** Records for processing **
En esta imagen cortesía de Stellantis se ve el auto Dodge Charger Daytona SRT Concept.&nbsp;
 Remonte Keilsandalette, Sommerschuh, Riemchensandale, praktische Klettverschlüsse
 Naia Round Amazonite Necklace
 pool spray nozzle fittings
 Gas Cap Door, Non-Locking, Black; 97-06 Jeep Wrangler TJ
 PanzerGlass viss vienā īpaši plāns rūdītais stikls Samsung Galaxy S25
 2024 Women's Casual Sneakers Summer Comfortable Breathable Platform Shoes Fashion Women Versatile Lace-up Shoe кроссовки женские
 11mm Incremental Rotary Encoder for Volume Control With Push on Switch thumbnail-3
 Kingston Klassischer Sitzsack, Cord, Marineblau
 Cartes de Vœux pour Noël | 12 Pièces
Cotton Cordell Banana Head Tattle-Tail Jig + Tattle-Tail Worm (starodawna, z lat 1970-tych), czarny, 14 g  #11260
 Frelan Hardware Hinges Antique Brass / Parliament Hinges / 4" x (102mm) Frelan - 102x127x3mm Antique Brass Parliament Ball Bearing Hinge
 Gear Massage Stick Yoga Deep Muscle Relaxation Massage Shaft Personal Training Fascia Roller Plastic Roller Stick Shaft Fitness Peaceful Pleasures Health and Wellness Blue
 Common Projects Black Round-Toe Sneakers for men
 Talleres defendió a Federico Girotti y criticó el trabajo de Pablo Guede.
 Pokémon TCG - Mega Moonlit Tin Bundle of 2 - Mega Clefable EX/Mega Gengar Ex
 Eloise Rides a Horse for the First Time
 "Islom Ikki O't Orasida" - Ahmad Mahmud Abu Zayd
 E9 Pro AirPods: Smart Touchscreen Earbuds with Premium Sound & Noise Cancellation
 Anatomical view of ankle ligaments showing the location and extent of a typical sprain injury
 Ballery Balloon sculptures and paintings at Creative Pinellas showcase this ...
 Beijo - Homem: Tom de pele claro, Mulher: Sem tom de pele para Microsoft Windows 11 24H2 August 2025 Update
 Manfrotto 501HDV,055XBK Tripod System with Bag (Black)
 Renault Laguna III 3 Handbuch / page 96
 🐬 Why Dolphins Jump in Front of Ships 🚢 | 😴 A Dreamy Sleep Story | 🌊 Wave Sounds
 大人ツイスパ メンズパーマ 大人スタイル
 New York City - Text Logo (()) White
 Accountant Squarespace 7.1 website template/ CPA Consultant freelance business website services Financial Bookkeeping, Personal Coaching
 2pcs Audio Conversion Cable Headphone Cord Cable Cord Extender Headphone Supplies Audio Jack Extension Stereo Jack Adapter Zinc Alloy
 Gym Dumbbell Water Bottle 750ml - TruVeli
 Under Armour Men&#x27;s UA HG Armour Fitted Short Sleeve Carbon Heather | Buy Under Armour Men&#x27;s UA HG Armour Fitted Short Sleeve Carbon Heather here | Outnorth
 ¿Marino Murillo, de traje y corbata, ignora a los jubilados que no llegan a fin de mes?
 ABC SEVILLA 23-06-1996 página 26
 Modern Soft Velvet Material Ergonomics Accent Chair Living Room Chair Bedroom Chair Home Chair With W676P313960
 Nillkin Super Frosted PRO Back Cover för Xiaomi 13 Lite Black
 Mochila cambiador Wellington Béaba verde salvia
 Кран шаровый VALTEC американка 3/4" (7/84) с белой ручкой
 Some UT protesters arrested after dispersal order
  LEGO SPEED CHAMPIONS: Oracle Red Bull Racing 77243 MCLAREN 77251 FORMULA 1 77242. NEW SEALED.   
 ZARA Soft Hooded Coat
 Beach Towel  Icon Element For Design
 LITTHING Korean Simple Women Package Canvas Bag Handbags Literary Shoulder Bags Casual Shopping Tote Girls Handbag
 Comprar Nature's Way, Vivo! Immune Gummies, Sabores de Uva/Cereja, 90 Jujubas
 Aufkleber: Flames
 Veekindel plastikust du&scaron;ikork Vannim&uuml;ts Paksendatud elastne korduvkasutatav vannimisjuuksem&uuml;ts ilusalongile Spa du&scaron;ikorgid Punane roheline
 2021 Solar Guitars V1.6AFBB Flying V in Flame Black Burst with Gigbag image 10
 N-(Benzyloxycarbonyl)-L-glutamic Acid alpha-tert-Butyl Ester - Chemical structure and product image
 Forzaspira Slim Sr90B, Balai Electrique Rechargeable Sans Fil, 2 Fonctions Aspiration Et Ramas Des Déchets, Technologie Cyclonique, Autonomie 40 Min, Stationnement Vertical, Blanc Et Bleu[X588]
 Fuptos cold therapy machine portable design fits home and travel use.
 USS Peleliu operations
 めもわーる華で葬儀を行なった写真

** What is expected **
In the listing above, locate the line containing "pool spray nozzle fittings" and the line containing "2024 Women's Casual". Extract those two lines and every line between them, exactly as written, and only those.

** Answer box **
 pool spray nozzle fittings
 Gas Cap Door, Non-Locking, Black; 97-06 Jeep Wrangler TJ
 PanzerGlass viss vienā īpaši plāns rūdītais stikls Samsung Galaxy S25
 2024 Women's Casual Sneakers Summer Comfortable Breathable Platform Shoes Fashion Women Versatile Lace-up Shoe кроссовки женские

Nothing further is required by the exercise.